# The problem
Your job is to give again, exactly and with no additions, the lines in the records below from the one with "France's Kylian Mbappé" through the one with "A man reads", both included. Omit the pictures.

# Provided records
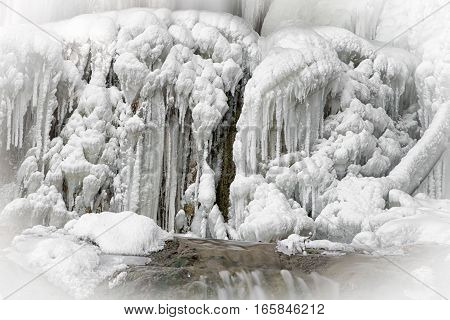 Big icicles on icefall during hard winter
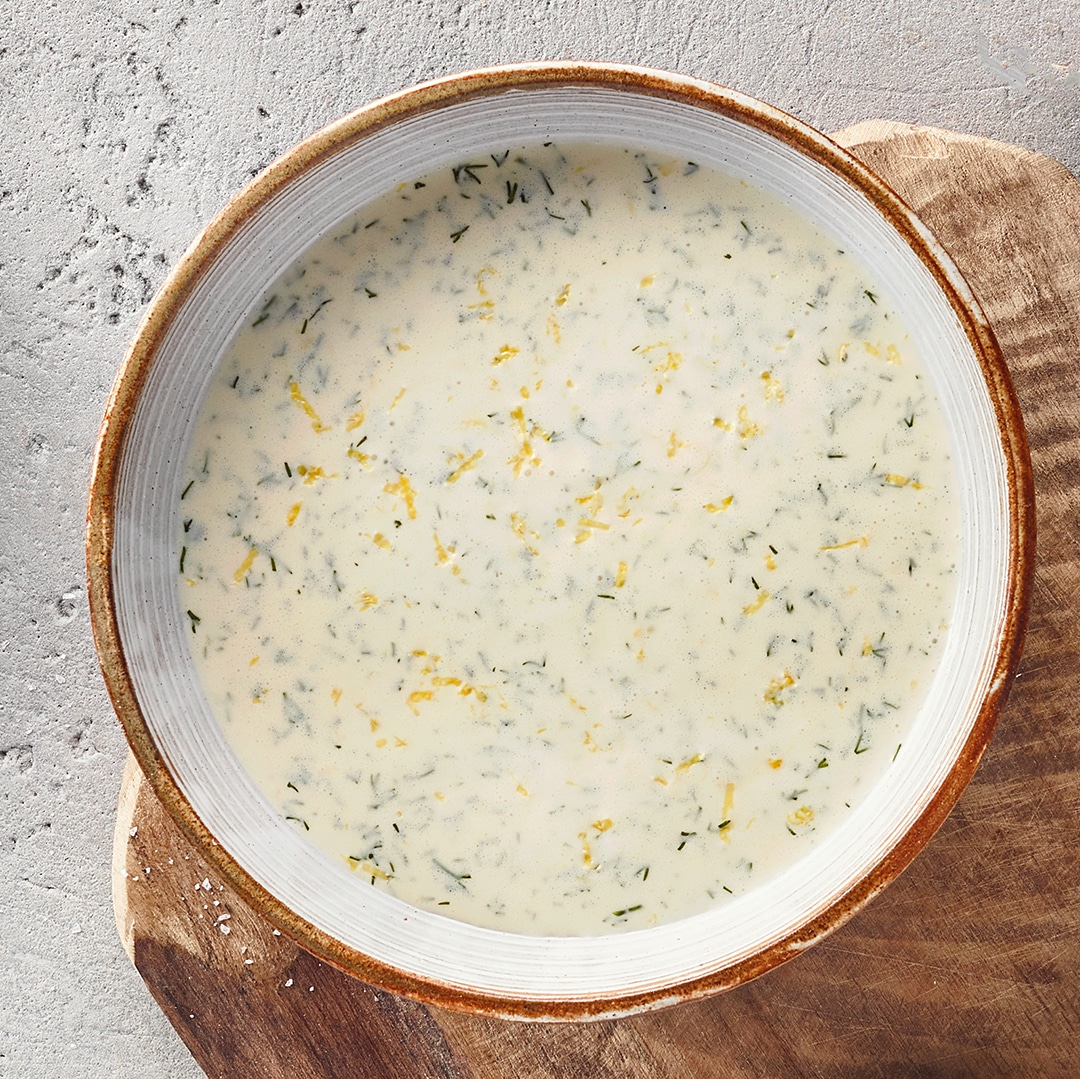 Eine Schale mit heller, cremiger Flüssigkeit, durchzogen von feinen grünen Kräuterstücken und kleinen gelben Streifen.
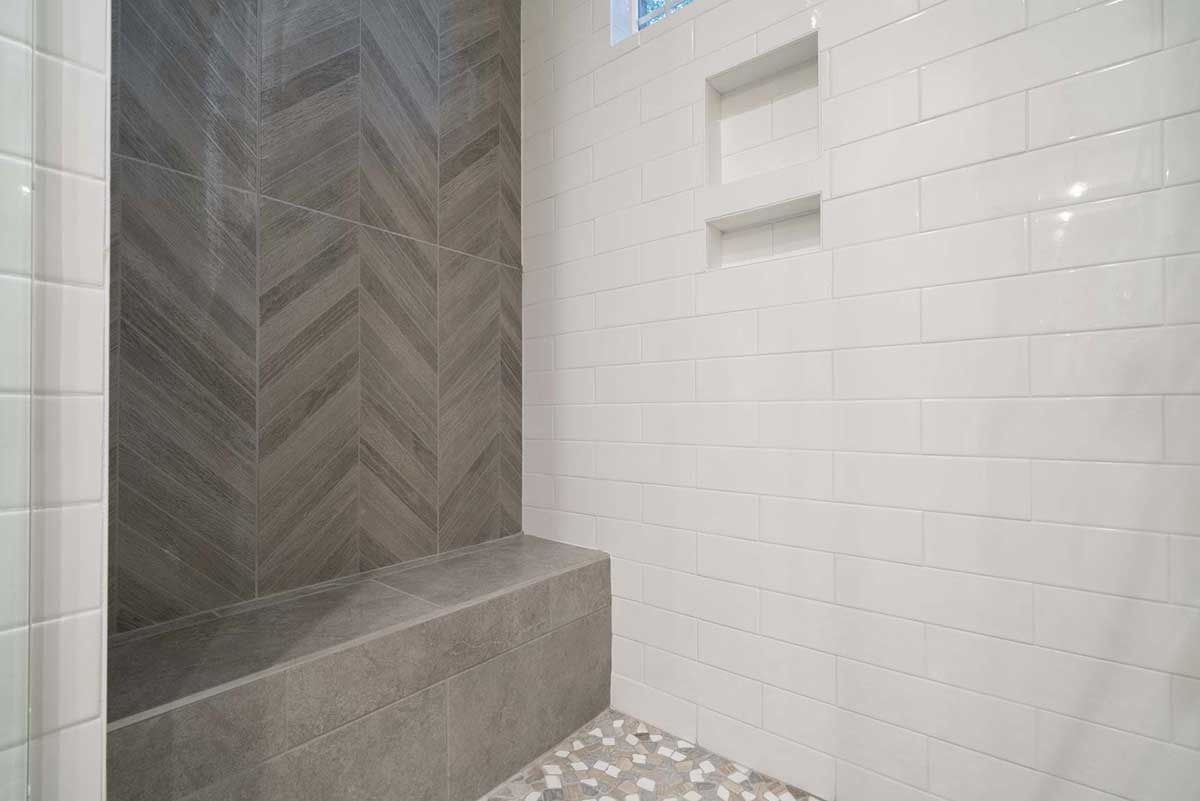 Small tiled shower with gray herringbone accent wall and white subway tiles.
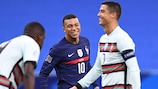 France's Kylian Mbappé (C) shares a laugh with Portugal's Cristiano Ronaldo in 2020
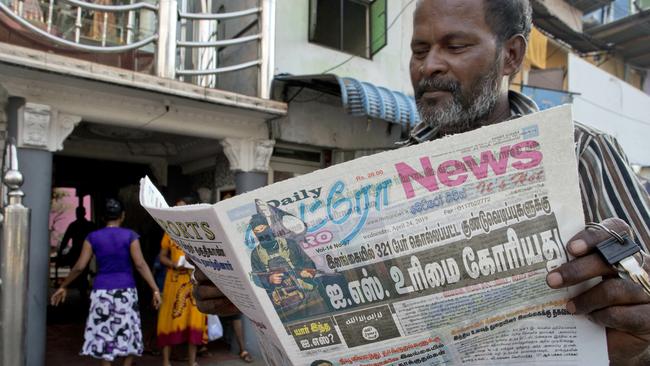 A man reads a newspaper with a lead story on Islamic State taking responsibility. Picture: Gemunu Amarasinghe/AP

---

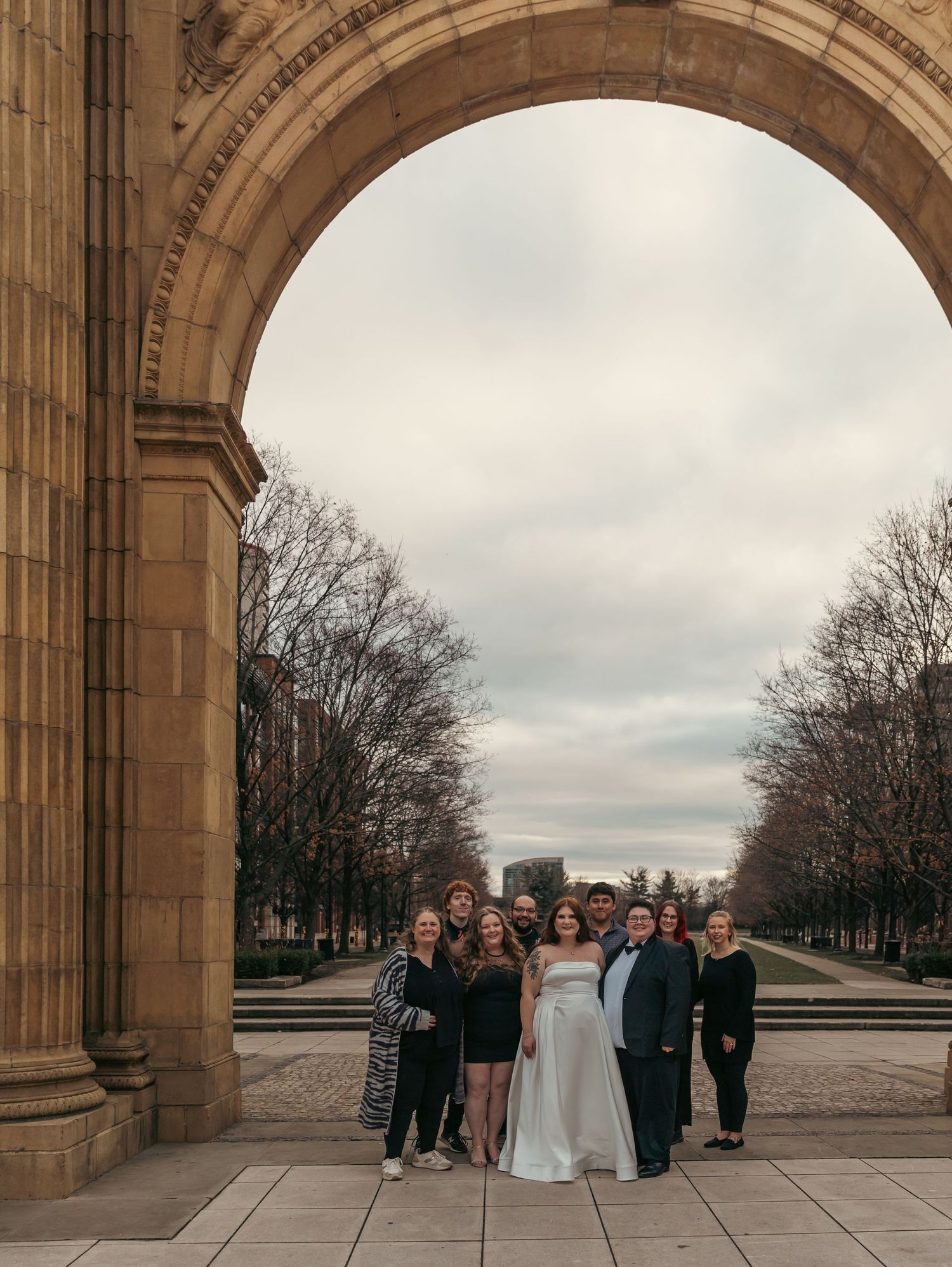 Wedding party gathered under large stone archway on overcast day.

# Answer box
 France's Kylian Mbappé (C) shares a laugh with Portugal's Cristiano Ronaldo in 2020
 A man reads a newspaper with a lead story on Islamic State taking responsibility. Picture: Gemunu Amarasinghe/AP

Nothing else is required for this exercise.